Pattern and Decoration / Ornament as Promise at the mumok Museum moderner Kunst Stiftung Ludwig Wien Photo: Stephan Wyckoff, © mumok
These days, such cross-pollination between the creative disciplines is far more common, lauded even; but at that time, it was considered revolutionary—and, in that way at least, it mirrored concurrent movements like Memphis and Radical Design.

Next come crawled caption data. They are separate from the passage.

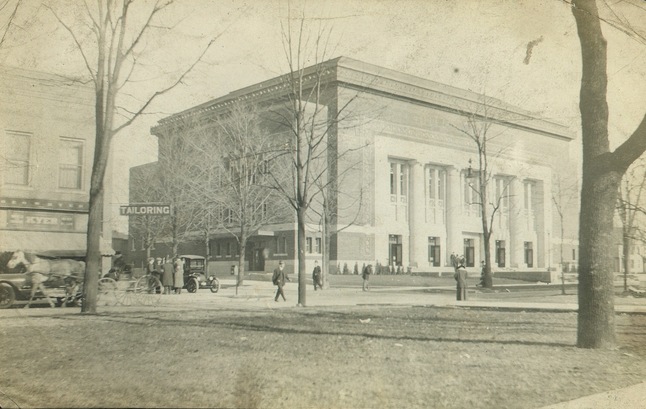 Thumbnail image for hill_auditorium_1.jpg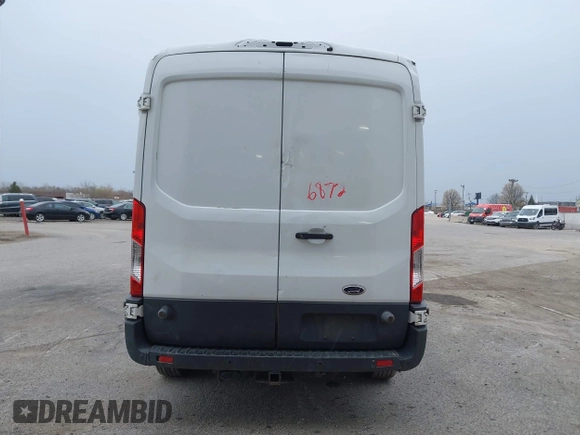 2018 Ford Transit z VIN 1FTBW2CM3JKA90610, wystawiony jako IAAI lot #42036872 z przebiegiem 81 833 mil mil oraz . Historia ofert i sprzedaży dostępna na DreamBid. Obrazek 17.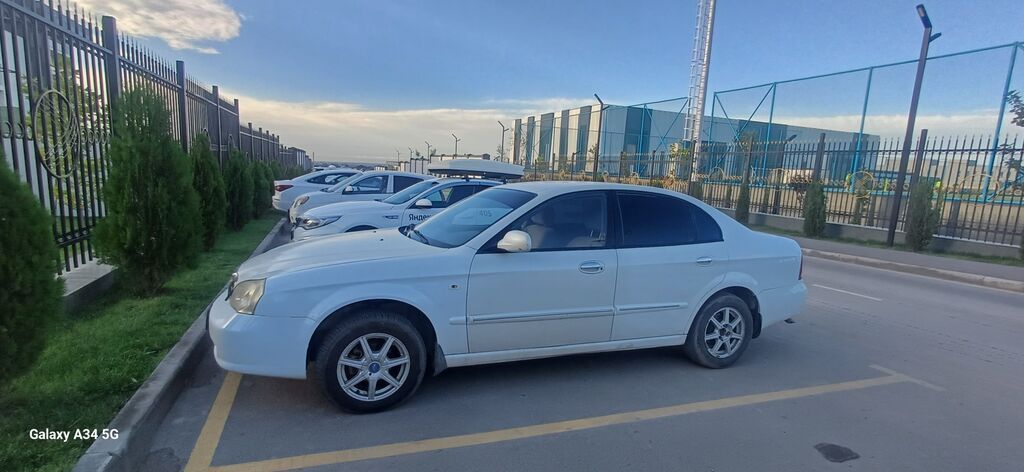 Daewoo Magnus: 2002 г., Механика, Бензин, Седан: фото 5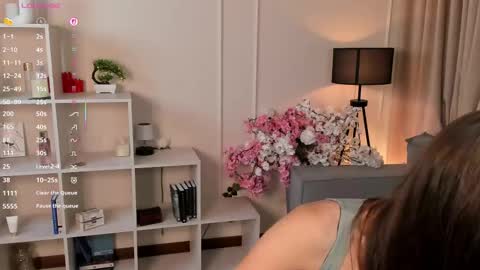 Cwen online show from 09-11-25, 07:14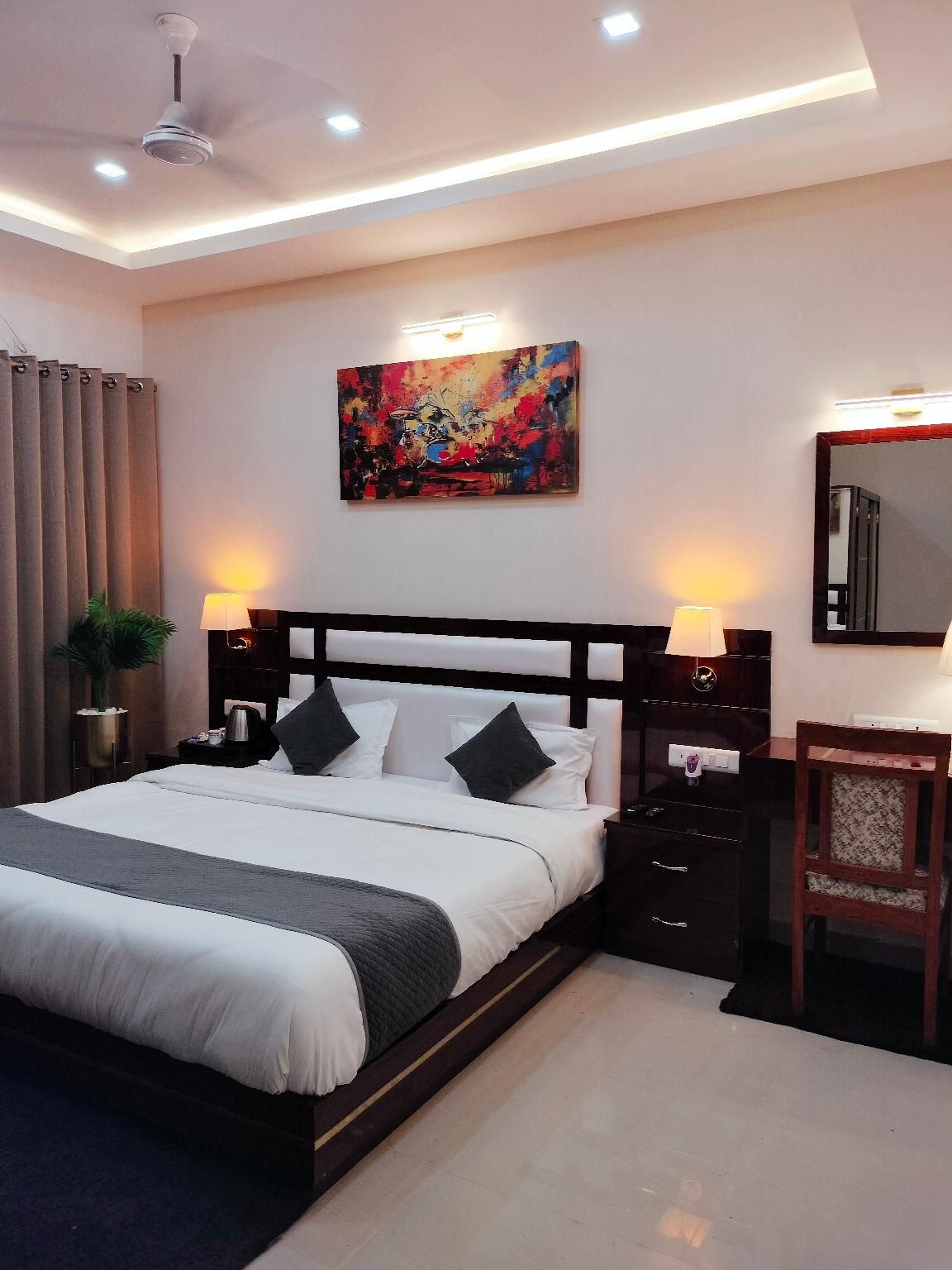 The RAI’S Palace - Hotel and Banquet Superior King Room 2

Modernist thought was Western, male-dominated and "rational," and it violently rejected what was considered "non-Western" and "feminine"; craft traditions, textiles, patterning, and embroidery were mostly regarded as trivial or kitsch—emblems of poor taste.

Design scholar Joel Sanders wrote the brilliant essay "Curtain Wars" in the late 1990s, elaborating on the historical evolution of the upholsterer/decorator/interior designer role over the last couple of centuries and its deep-seated association with women and then gay interior designers. Sanders delineated the extent to which gender and sexual politics was at the root of the modernist abhorrence of ornamentation and fed into the clear disdain for so-called decorating over architecture. Loos had explicitly laid the groundwork for this “unmistakably misogynist and colonialist” position—as mumok calls it in the exhibition text—by advocating for the idea that the absence of decoration is a sign of a highly evolved culture, i.e. the opposite of what he considered to be primitive decorative arts and crafts from other cultures.

A 21st-century reading of the P&D movement, meanwhile, would almost certainly include a discussion around cultural appropriation and the identity politics of borrowing from other cultural traditions. The question of ornamentation remains incredibly emotionally, ethically, and politically fraught; intrinsically entwined with questions of social heirarchies, power structures, and identity. mumok writes of the exhibition: “Today, in our ever more globalized world with its great asymmetries of power, the questions that these artists posed remain urgent and relevant.”

Hybrid Ceramics by CTRLZAK, 2011 - 2016 Photo © CTRLZAK
In the design world, likewise, the subjects of remixing and juxtapositioning, a return to traditional craft techniques, and the revival of postmodernist movements like Memphis remain highly current. In the contemporary design scene, perhaps even more than other creative fields, there is a renewed enthusiasm for embellishment (like the current obsession with all things neo-deco in interior design) and evidence of designers’ willingness to move between aesthetics designated masculine or feminine. Designers like CTRLZAK move seamlessly between graphic, minimalist furniture designs and decorative textiles; indeed their Motley Tablecloths and Flagmented Pillows share a penchant for sampling and power-clashing that is highly reminiscent of P&D. Contemporary wallpaper designs from the likes of Wall81, Moustache, and Pattern17 combine elaborate adornment with the very fabric of a space’s architecture, closing the divide between ornamentation and function.

I heartily recommend getting to Vienna to see the exhibition before it closes. Even from afar, though, the exhibition offers plenty of food for thought: how notions of taste are culturally defined and thus embedded within cultural politics. How this manifests in the furnishings of your home is another clear example of the adage—attributed to feminist writer and activist Carol Hanisch and popularized by iconic figures like Audre Lorde and others—“the personal is political.” Or, as the legendary Susan Sontag put it, "rules of taste enforce structures of power." In that spirit, at least, embracing the joys of ornamentation can still be a revolutionary act.